REGISTRO DI FAMIGLIE

Secondo il quotidiano spagnolo El Pais, la proposta di Colau è di fare un registro di famiglie che permetterà di canalizzare gli sforzi della società civile a sostegno dei rifugiati. Il problema principale è la mancanza di risorse: in Catalogna ci sono soltanto 28 posti per rifugiati, per un tempo massimo di sei mesi. L’Ayuntamiento di Barcellona sta però studiando la possibilità di disporre una struttura per alloggiare temporaneamente gli immigrati.

LA RISPOSTA DI BARCELLONA

Barcellona ha 1000 richieste di asilo, “persone che si trovano nel limbo, per la lentezza del processo burocratico. Abbiamo pensato che possono essere le città a proporsi come ‘luoghi di collaborazione’ per creare una rete di città di rifugio e asilo di fronte alla crisi umanitaria”, ha detto Colau. Sarà ogni cittadino, a secondo delle proprie possibilità, ad offrire aiuto al rifugiato, sia con un posto letto o donazione economica o materiale. “La reazione, a pochi giorni della proposta, – ha aggiunto Colau è stata molto attiva. La nostra società non è indifferente al dolore umano”.

LA RISPOSTA DI MADRID

All’iniziativa di Colau si è voluto aggiungere il sindaco di Madrid, Manuela Carmena, anche lei legata al partito Podemos. Carmena ha sollecitato una risposta al governo centrale per gestire l’emergenza immigrazione: “Devono assumersi le proprie responsabilità e coordinare una soluzione con le amministrazioni autonome e municipali. Madrid ha un carattere aperto e solidale, specialmente con le persone che sono costrette a scappare degli orrori della guerra”. Il sindaco ha detto che disporrà di una parte del bilancio 2016 per “abitazioni e stanze per rifugiati” e lavorerà insieme a Barcellona alla rete di Città di accoglienza. I due sindaci si incontreranno la settimana prossima per mettere a punto la strategia. “Siamo due grandi città diverse ma di accoglienza. Stiamo preparando il bilancio per abitazioni e quote per i rifugiati”, ha detto Carmena.

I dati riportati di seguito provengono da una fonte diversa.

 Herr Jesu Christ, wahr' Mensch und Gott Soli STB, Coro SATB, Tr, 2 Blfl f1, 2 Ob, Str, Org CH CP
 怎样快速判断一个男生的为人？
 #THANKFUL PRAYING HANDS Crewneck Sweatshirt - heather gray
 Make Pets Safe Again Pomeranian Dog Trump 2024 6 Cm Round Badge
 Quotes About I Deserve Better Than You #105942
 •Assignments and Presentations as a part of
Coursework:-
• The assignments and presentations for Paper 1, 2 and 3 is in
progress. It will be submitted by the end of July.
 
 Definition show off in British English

ALTRE CITTÀ DI ACCOGLIENZA

Dalle pagine di Abc si legge che il sindaco di Valencia, Joan Ribó, ha intenzione di entrare nella rete di città rifugio, ma vuole aspettare la contro-proposta del governo. L’Ayuntamiento di Coruña sta studiando la proposta di Colau perché la trova “interessante” ed è in contatto con diverse ong della città. L’amministrazione di Las Palmas di Gran Canaria si è detta disposta ad accogliere rifugiati, ma con la condizione che sia il governo centrale a mettere a disposizione infrastrutture e risorse. I Paesi Baschi non hanno ancora risposto, ma il portavoce del governo, Josu Erkoreka, si è detto disposto a offrire risorse per attendere l’emergenza umanitaria.